School superintendent Melissa Conrath believes that the new Ohio legislature will save Worthington's all-day kindergarten program.

School superintendent Melissa Conrath believes that the new Ohio legislature will save Worthington's all-day kindergarten program.

She believes it so strongly that on Monday night she convinced the Worthington Board of Education to table a resolution to seek a waiver that would give the district options if the lawmakers do not come through with House Bill 30.

Applying for the waiver would take up valuable staff time and, if the bill is not passed, the waiver can be brought back before the board later, she said.

HB 30 would repeal many of the educational reforms approved under former Gov. Ted Strickland. Among those is a requirement that all districts offer all-day kindergarten free of charge.

That would mean that Worthington's eight-year old K-plus program would no longer be legal because the district charges parents a fee. About 80 percent of the district's kindergartners attend the all-day program. The rest are in the traditional half-day program, which charges no fee.

Unless HB 30 is approved, the changes will go into effect next school year.

For now, the district is carrying on as if the bill will become law. Kindergarten parents are being told to expect to pay for the all-day program next year.

"We are optimistic the legislation will pass," Conrath told the board. "The sooner we know the better."

Kindergarten registration begins in early March.

State Rep. Mike Duffey said the bill should be passed and on Gov. John Kasich's desk for signing by mid-March.

If it does not pass, the board is expected to bring the waiver resolution off the table and send it on to the Ohio Department of Education for approval.

The waiver would allow districts to forego offering all-day programs to all children for no fee. Worthington could opt to offer the program to a few students, or to none.
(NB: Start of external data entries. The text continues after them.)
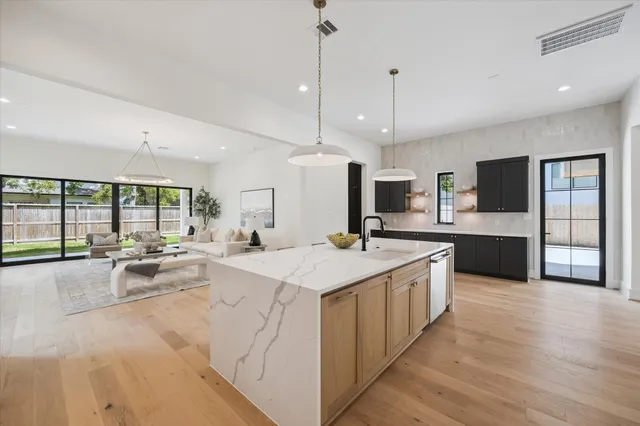 a large kitchen with kitchen island a large counter top stainless steel appliances and a large window
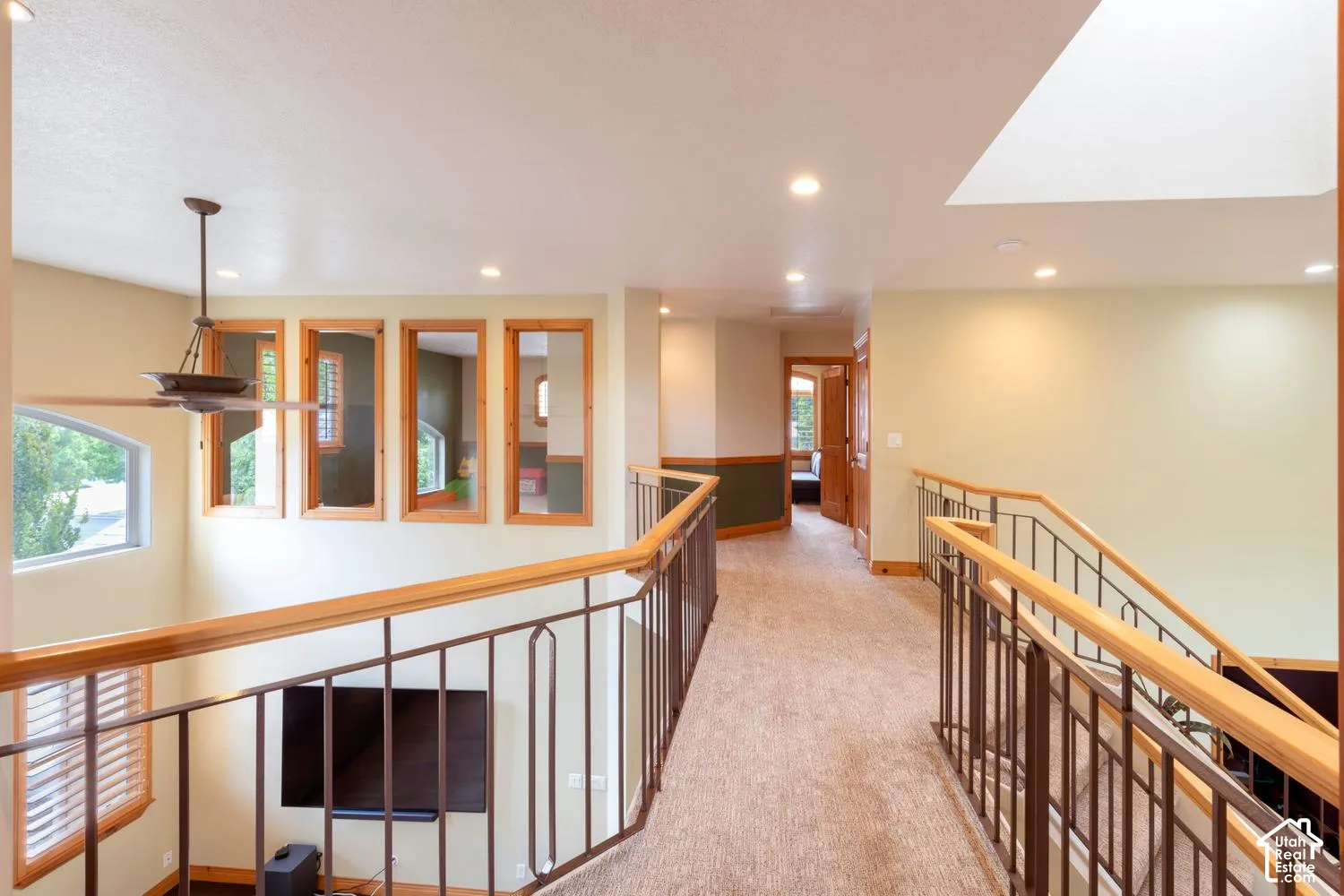 Carpeted hallway with wood and wrought iron railings, recessed lighting, and a skylight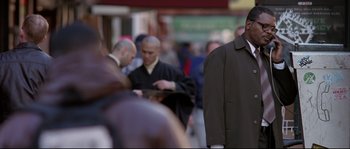 Movie still from “Changing Lanes” (2002), directed by Roger Michell – A group of people walking down a street; Medium shot, Over the shoulder angle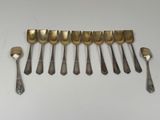 six spoons and a fork are lined up on a white surface
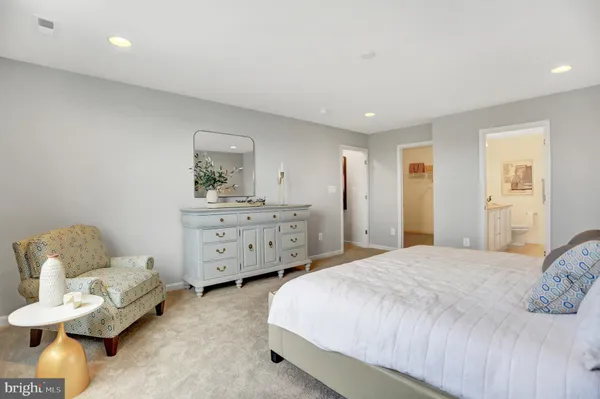 a spacious bedroom with a bed and furniture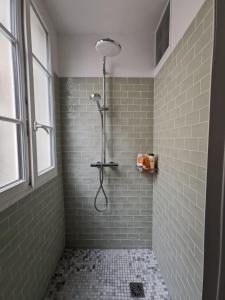 巴黎Home sweet home的浴室铺有绿色瓷砖,设有淋浴。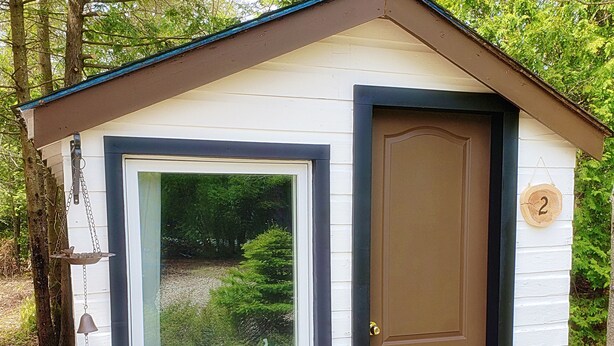 A small, single-story cabin with a large window, a door, and a number '2' sign. - Buddha Bing Cottage and Cabins (Northern Bruce Peninsula)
It just could not charge a fee, even with the waiver.

To offer the program to all students without fees would cost approximately $1-million a year.

All districts are also gearing up for cuts in state support of education that will show up in the biennial budget expected to be unveiled in March.

Duffey said he did not know how much of a loss Worthington should expect.

"I would say budget conservatively," he told the board.

Also on Monday, the school board approved the resignation of Jeanne Paliotto, who has been an administrator with the Worthington Schools for the past 19 years.

Her most recent assignment was director of human resources. She has also been principal of McCord Middle School and director of secondary education.

She will become executive director of the Office of School Improvement for the Ohio Department of Education.

The board also voted to sanction bowling clubs at both Thomas Worthington and Worthington Kilbourne high schools. [See related story on Page B1.]

The move was necessary to allow the clubs to participate in Ohio High School Athletic Association events.

The clubs are organized by volunteers and there is no cost to the district.